Figure 7.

Allelic effects of GmSWEET39 in the representative cultivated soybean (Glycine max) population, transgenic Arabidopsis and soybean hairy roots. (a–c) Comparison of GmSWEET39 expression levels between soybean accessions containing different haplotypes (Hap), promoters (Pro) and coding sequences (CDS) of GmSWEET39, respectively. The dataset is the same as that in Fig. 5(c). The central bold line within the box represents the median; box edges indicate the upper and lower quantiles; whiskers show the 1.5 × interquartile range and points indicate outliers. P‐values were determined by two‐tailed two‐sample Wilcoxon tests. (d) Frequencies of different GmSWEET39 Pro‐types in two CDS groups among 80 cultivated soybean accessions. (e) Expression levels of GmSWEET39 ^CDS1 and GmSWEET39 ^CDS2 in transgenic Arabidopsis.

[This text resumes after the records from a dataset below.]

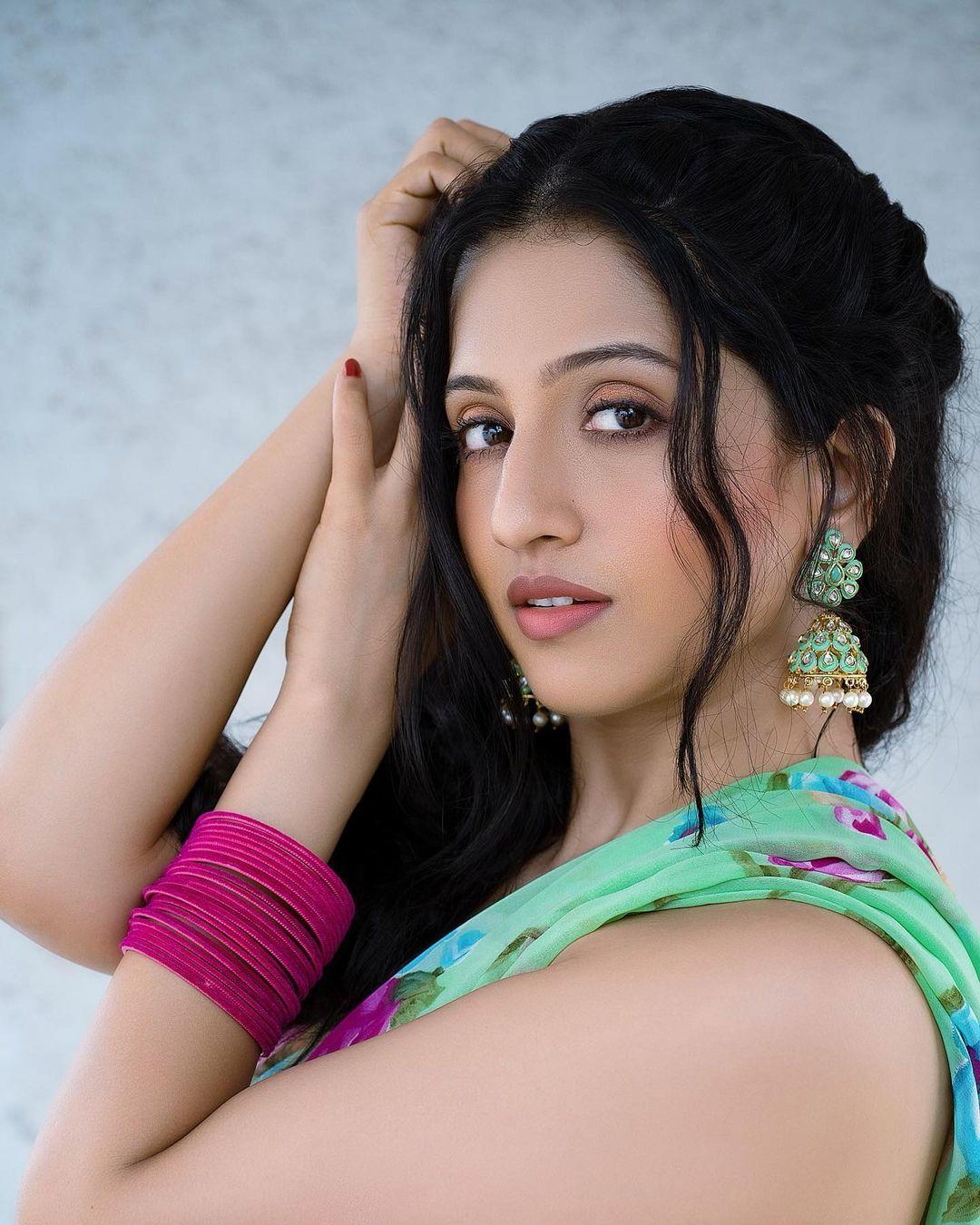 Krutika Gaikwad in saree looking hot photos | Krutika Gaikwad hot and sexy photos
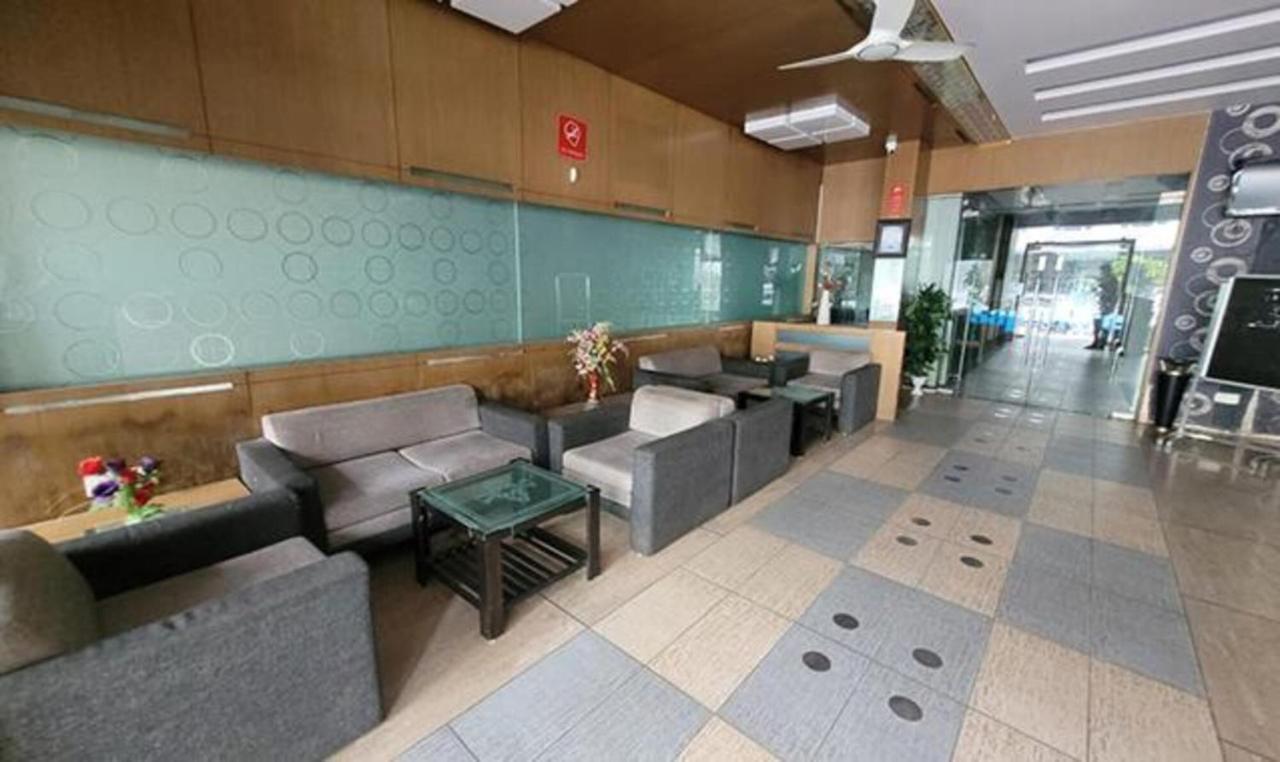 ואדודרה Fabhotel Prime Sapphire Regency מראה חיצוני תמונה
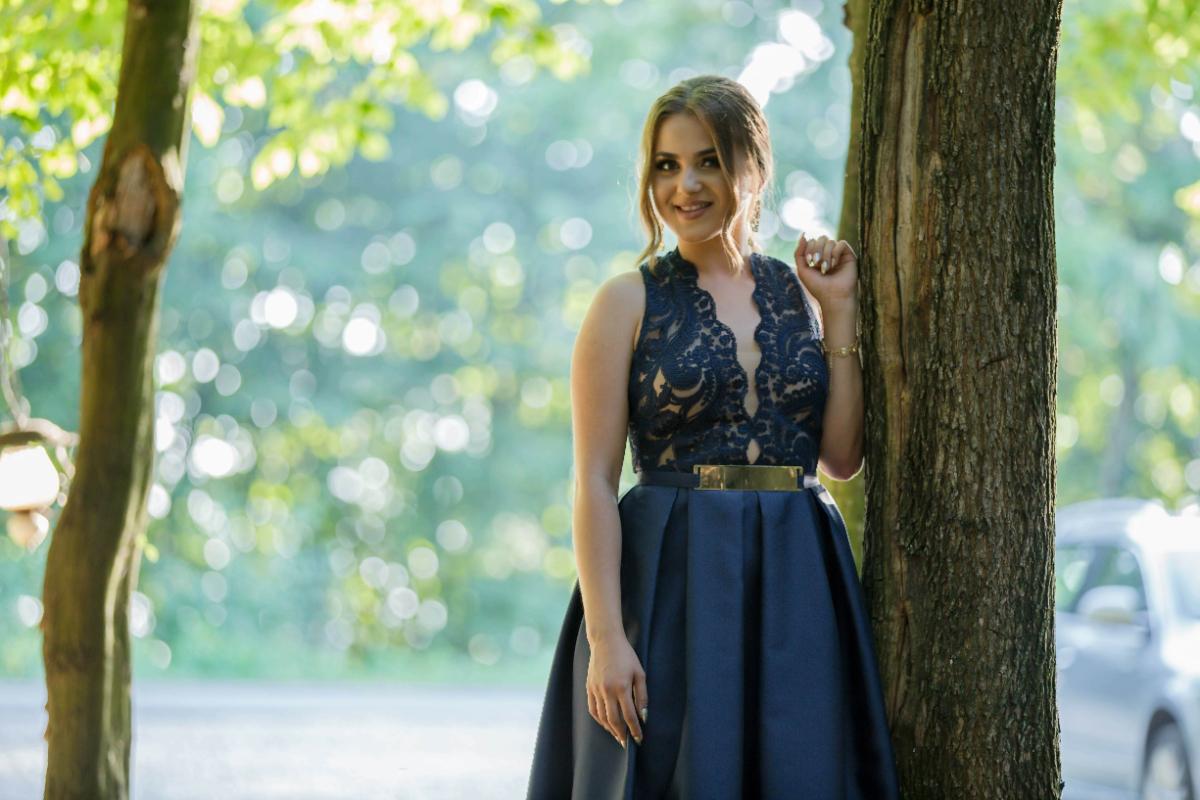 Une mariée avec une robe bleu marine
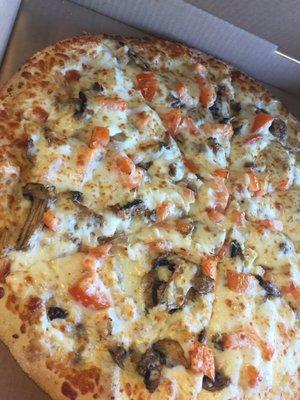 Alfredo pizza close up!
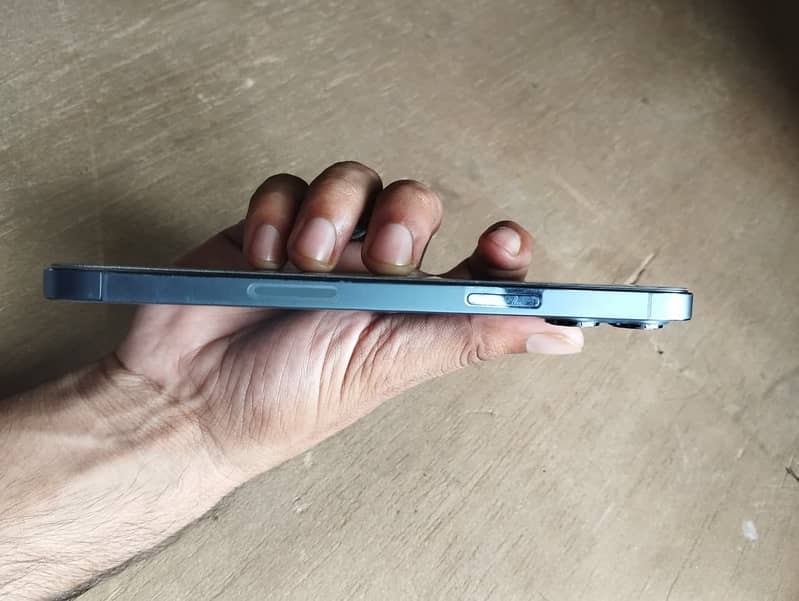 Apple iPhone 12 Pro Max 2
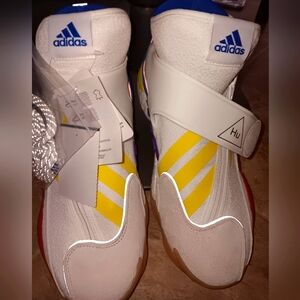 Adidas X Pharrell Williams Crazy BYW 2.0 Basketball Shoes FU7369 SIZE (M)9.5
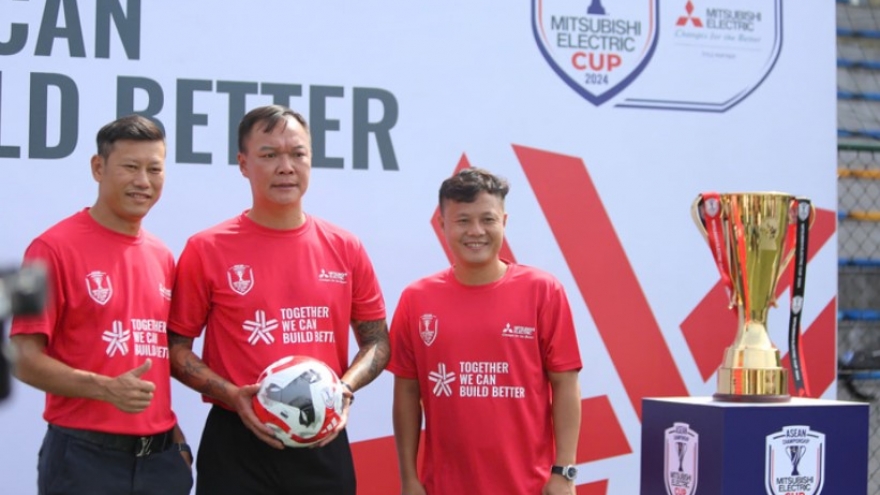 ASEAN Cup trophy tour arrives in Vietnam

AtACTIN7 was used as the internal control and the relative expression of GmSWEET39 was calculated by 2^‐∆Ct (∆Ct = Ct_GmSWEET39 − Ct_AtACT7). (f) Total fatty acid (TFA) content in Arabidopsis seeds. Three independent transgenic lines overexpressing (OE) GmSWEET39 ^CDS1 or GmSWEET39 ^CDS2 were analyzed. (g) Relative expression of GmSWEET39 in transgenic soybean hairy roots. CaMV 35S promoter or SWEET39 ^Pro3 were used to express GmSWEET39. GmUKN1 was used as the internal control and the relative expression of GmSWEET39 was normalized to that in soybean hairy roots transformed by the empty vector. (h) The TFA content in soybean hairy roots. Data represent mean ± SD (n ≥ 3). Significant differences between GmSWEET39 transgenic lines and empty vector transgenic lines: *, P = 0.05; **, P = 0.01 (Student’s t‐test). SWEET, Sugars Will Eventually be Exported Transporter.